LPSE Kota Tangerang Gelar Rakor Terkait Kontrak Payung

Advertisement

LPSE Kota Tangerang Gelar Rakor Terkait Kontrak Payung

Friday, 1 November 2019



PostNewsTime-Tangerang.Unit Pelaksana Teknis (UPT) Layanan Pengadaan Secara Elektronik (LPSE) Kota Tangerang mengadakan Rapat Koordinasi (Rakor) Sistem Pengadaan Secara Elektronik (SPSE) di Ruang Ar-Raudhoh, Gedung Pusat Pemerintahan Kota Tangerang, pada Rabu (30/10/19).

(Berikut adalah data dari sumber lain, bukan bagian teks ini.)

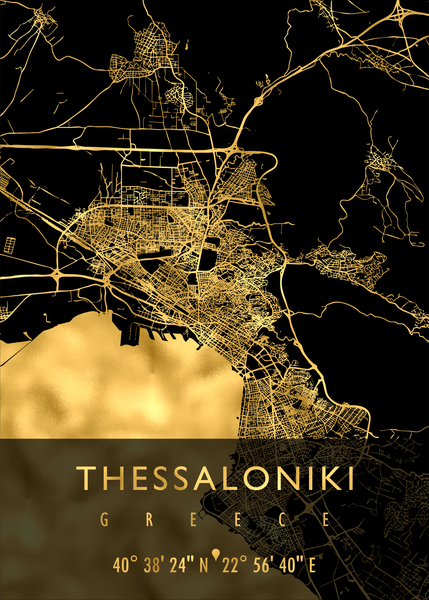 THESSALONIKI MAP GREECE by Mapolis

Rakor yang dibuka langsung oleh Wali Kota Tangerang Arief R. Wismansyah bersama Kepala Dinas Komunikasi dan Informatika (Diskominfo) Kota Tangerang Mulyani, dihadiri 81 peserta perwakilan PPK/PPTK dari seluruh SKPD di Kota Tangerang.

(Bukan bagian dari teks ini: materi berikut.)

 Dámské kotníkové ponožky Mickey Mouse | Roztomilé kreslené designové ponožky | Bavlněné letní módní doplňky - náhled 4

Dalam arahannya, Wali Kota menerangkan bahwa dinamika peraturan pemerintah terkait pengadaan barang/jasa selalu berubah dengan cepat sehingga diperlukan sikap responsif agar tidak terjadi kesalahan di kemudian hari.


"Saya berharap kedepan, Dinas Kominfo dalam hal ini yang mengkoordinir harus lebih responsif terhadap peraturan pengadaan yang baru sehingga nanti lebih berintegritas akuntabel dan transparan," ucapnya.


Peraturan terkait Kontrak Payung (Framework Contract) yang merupakan perjanjian dengan satu atau sejumlah penyedia untuk melakukan pengadaan barang/jasa dengan menetapkan harga satuan, diharapkan Arief dapat mempermudah dalam pekerjaan di masing-masing SKPD.


"Tidak ada lagi ego sektoral, yang ada adalah semangat Pemerintah Kota Tangerang untuk bisa melakukan tugas dan tanggungjawab pembangunan lewat pengadaan barang dan jasa," tegasnya.


Lewat sistem Kontrak Payung juga, nantinya diharapkan mampu mengefisiensikan pengadaan terkait pengadaan material, pengadaan alat tulis kantor (ATK), atau pengadaan obat tertentu pada rumah sakit.


"Kan biasanya banyak paket, seperti di Dinas Kesehatan, mungkin nanti bisa di efektifitaskan dan disederhanakan," lanjut Arief.


Sementara itu, Kepala Dinas Komunikasi dan Informatika (Diskominfo) Kota Tangerang Mulyani menuturkan, pelaksanaan Kontrak Payung diberlakukan bagi pengadaan barang/jasa yang sejenis namun volume dan waktunya belum bisa ditentukan.


"Lewat Rakor yang kami selenggarakan ini semoga nantinya setiap SKPD dapat menyederhanakan beberapa paket kegiatan, dengan narasumber dari LKPP dan Bagian Pengadaan Barang dan Jasa yang kami hadirkan, semoga peserta dapat menyamakan persepsi dan paham terkait sistem ini," tukasnya.